> [THE PROBLEM]: Please copy the data exactly as it stands, minus the images.

-------- RAW DATA --------

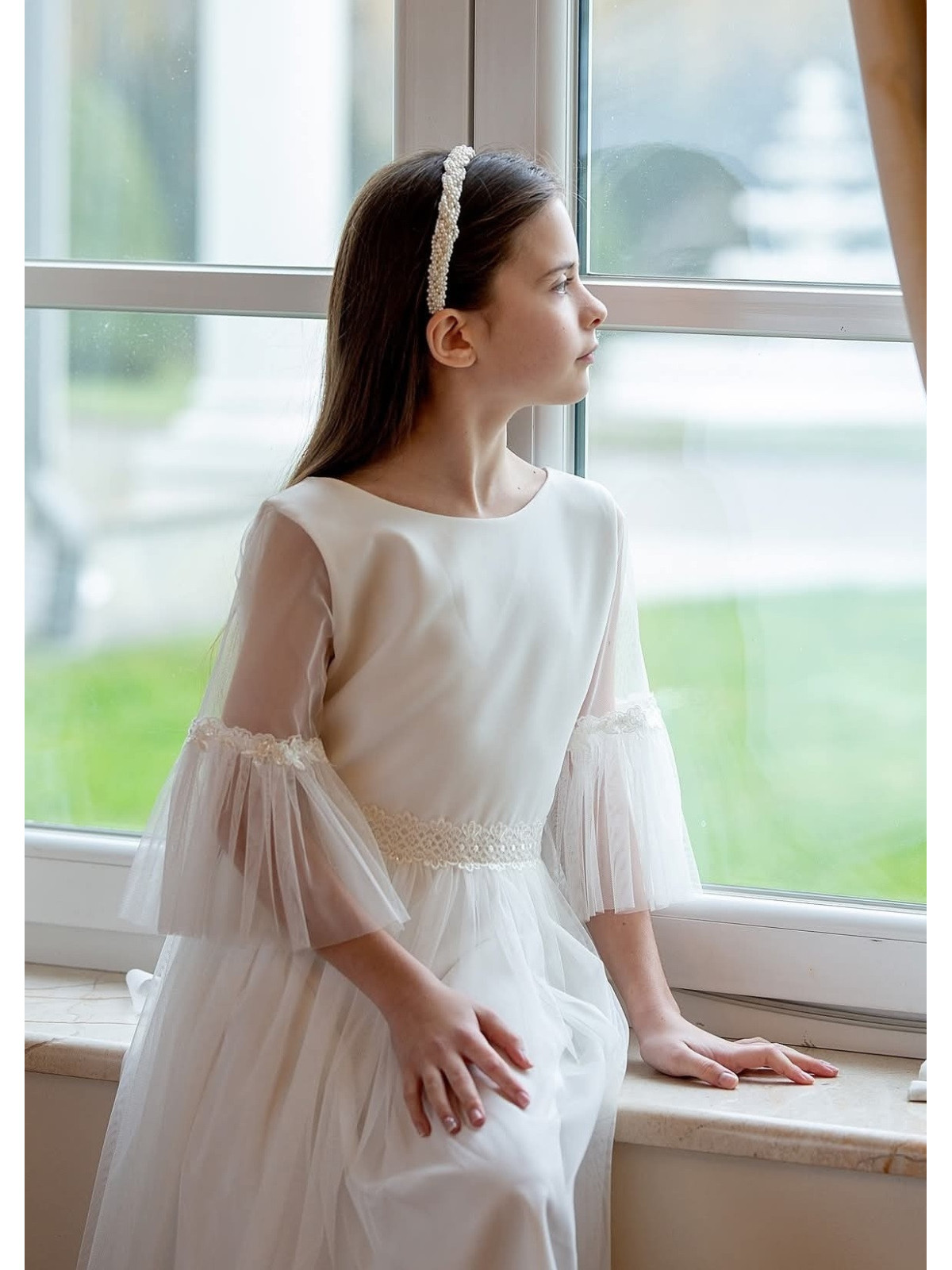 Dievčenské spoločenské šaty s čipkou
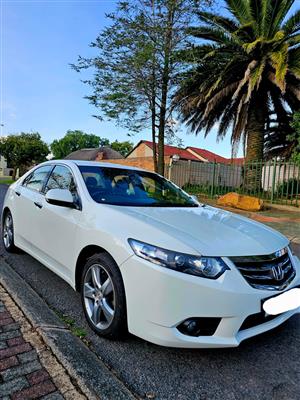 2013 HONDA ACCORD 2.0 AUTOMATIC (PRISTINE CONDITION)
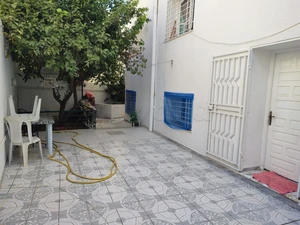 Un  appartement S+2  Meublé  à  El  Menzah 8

--------

> [WORKED SOLUTION]:
 Dievčenské spoločenské šaty s čipkou
 2013 HONDA ACCORD 2.0 AUTOMATIC (PRISTINE CONDITION)
 Un  appartement S+2  Meublé  à  El  Menzah 8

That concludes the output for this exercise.